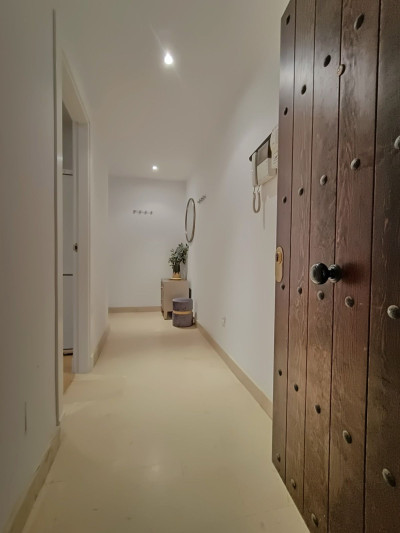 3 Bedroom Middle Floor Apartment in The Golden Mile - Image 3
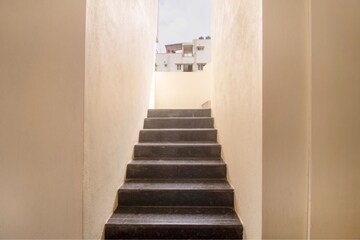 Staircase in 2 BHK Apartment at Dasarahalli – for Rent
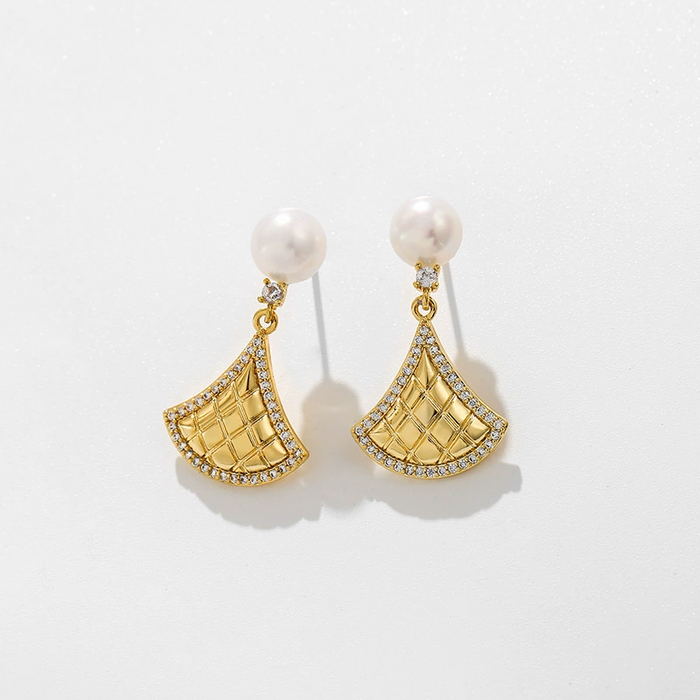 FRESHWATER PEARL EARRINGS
━━━━━━━━━━━━━━━━
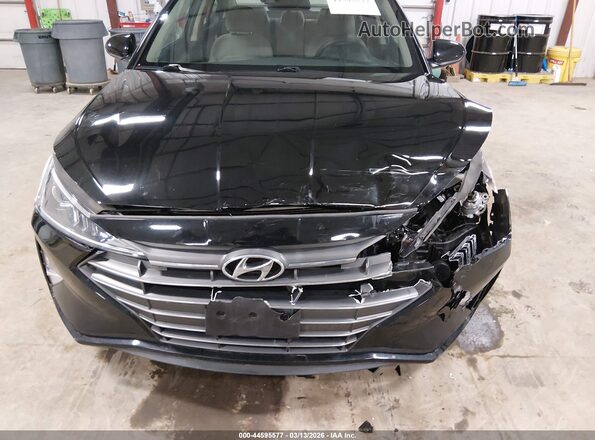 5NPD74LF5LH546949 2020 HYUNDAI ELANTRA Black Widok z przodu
━━━━━━━━━━━━━━━━
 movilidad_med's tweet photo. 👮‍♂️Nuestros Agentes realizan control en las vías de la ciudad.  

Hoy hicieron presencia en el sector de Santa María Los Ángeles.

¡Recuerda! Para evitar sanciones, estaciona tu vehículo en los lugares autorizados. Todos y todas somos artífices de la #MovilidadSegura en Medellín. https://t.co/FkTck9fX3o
━━━━━━━━━━━━━━━━
## The task
Print exactly, with no pictures, the lines above from the one that holds "3 Bedroom Middle" through the one that holds "FRESHWATER PEARL EARRINGS", both of them included.

## Written solution
 3 Bedroom Middle Floor Apartment in The Golden Mile - Image 3
 Staircase in 2 BHK Apartment at Dasarahalli – for Rent
 FRESHWATER PEARL EARRINGS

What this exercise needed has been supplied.